--- What to work on ---
Go to the line with "2017 Ford Focus" in the material below and copy from there through the line with "A Don Lockwood", exactly. Pictures are not copied.

--- Material shown ---
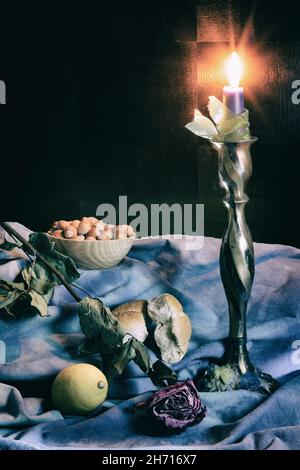 Still life with lighting candle, dry rose, lemon, old pastry and hazelnuts in a bowl on blue and dark background Stock Photo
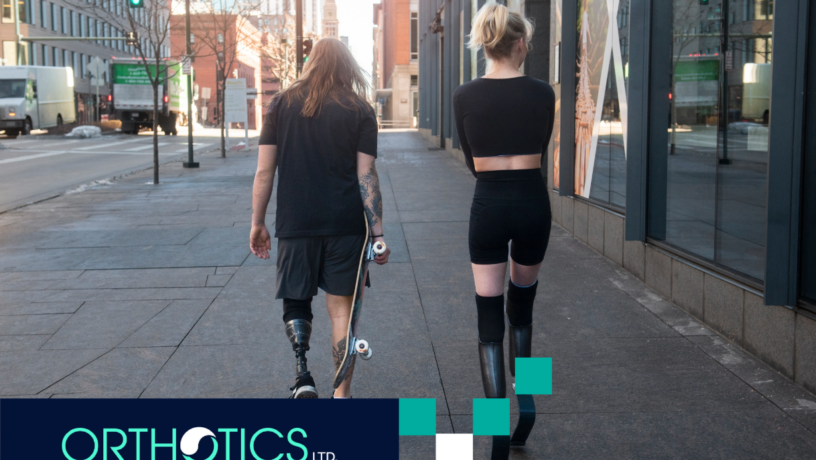 Two amputees wearing prosthetics walking together outdoors
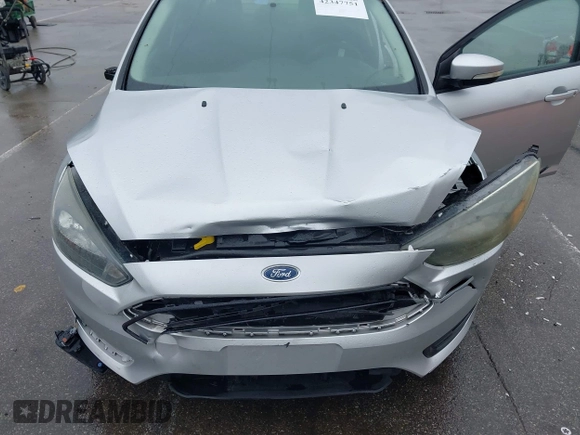 2017 Ford Focus SE with VIN 1FADP3FEXHL283329, listed as a IAAI auction lot 42347751 with 85,337 mi miles and . Bid and sale history available at DreamBid. Image 6.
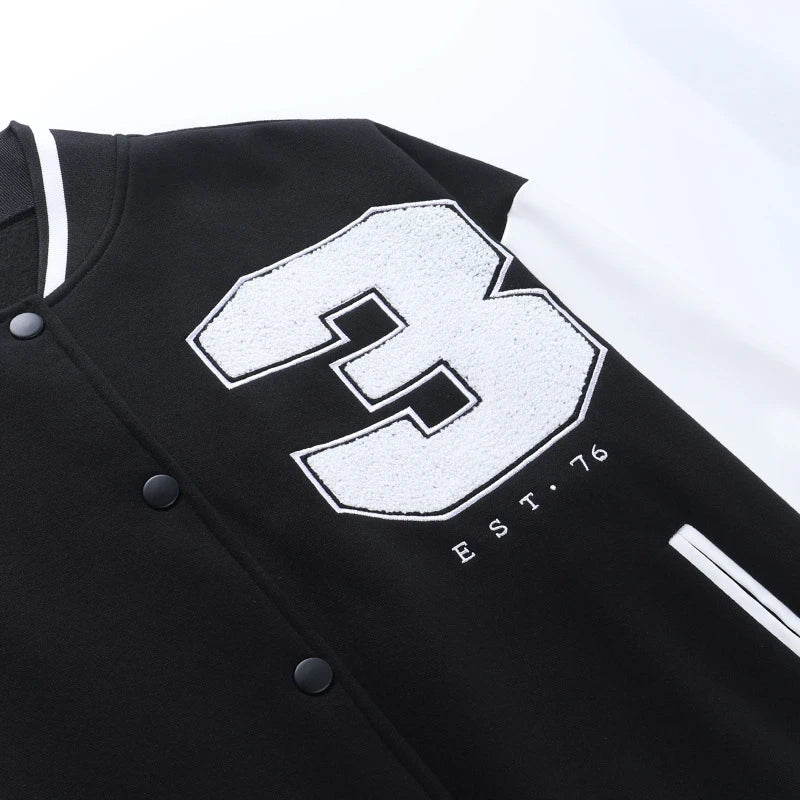 A classic British-style baseball jacket with contrast PU stitching, showcasing a sophisticated and versatile design for casual wear.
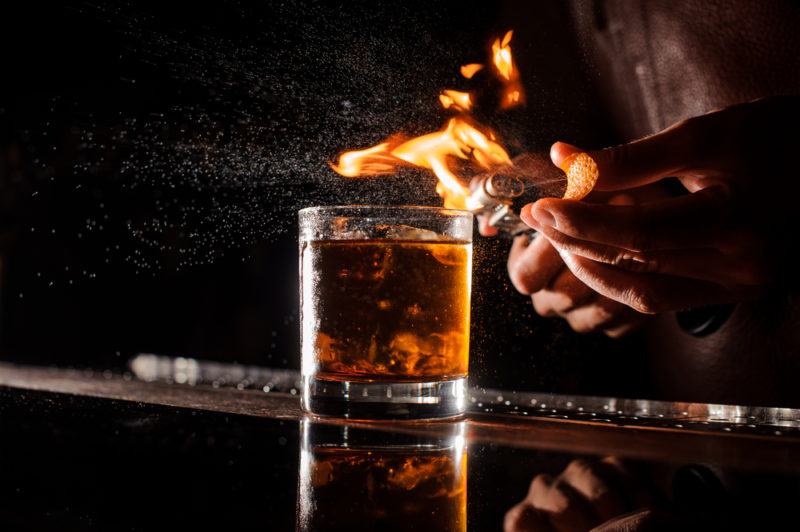 A Don Lockwood whiskey cocktail on a bar with a bartender making a flaming orange peel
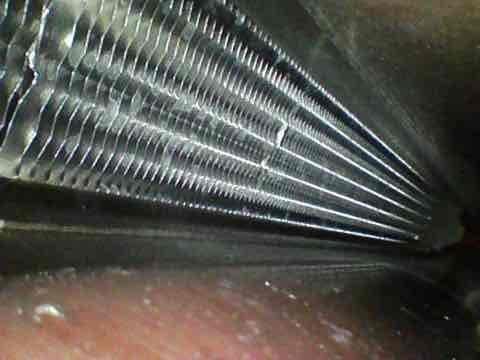 Completed preventive maintenance agreement visit for air conditioning system. Accessed attic-mounted air handler unit, inspected evaporator coil assembly which showed normal operational wear with minor dust accumulation on fins and drain pan. Coil fins intact with proper spacing, refrigerant tubing connections secure. Documented equipment condition with photos showing reflective attic insulation and accessible service area. System components operating within manufacturer specifications at time of inspection.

--- Exercise response ---
 2017 Ford Focus SE with VIN 1FADP3FEXHL283329, listed as a IAAI auction lot 42347751 with 85,337 mi miles and . Bid and sale history available at DreamBid. Image 6.
 A classic British-style baseball jacket with contrast PU stitching, showcasing a sophisticated and versatile design for casual wear.
 A Don Lockwood whiskey cocktail on a bar with a bartender making a flaming orange peel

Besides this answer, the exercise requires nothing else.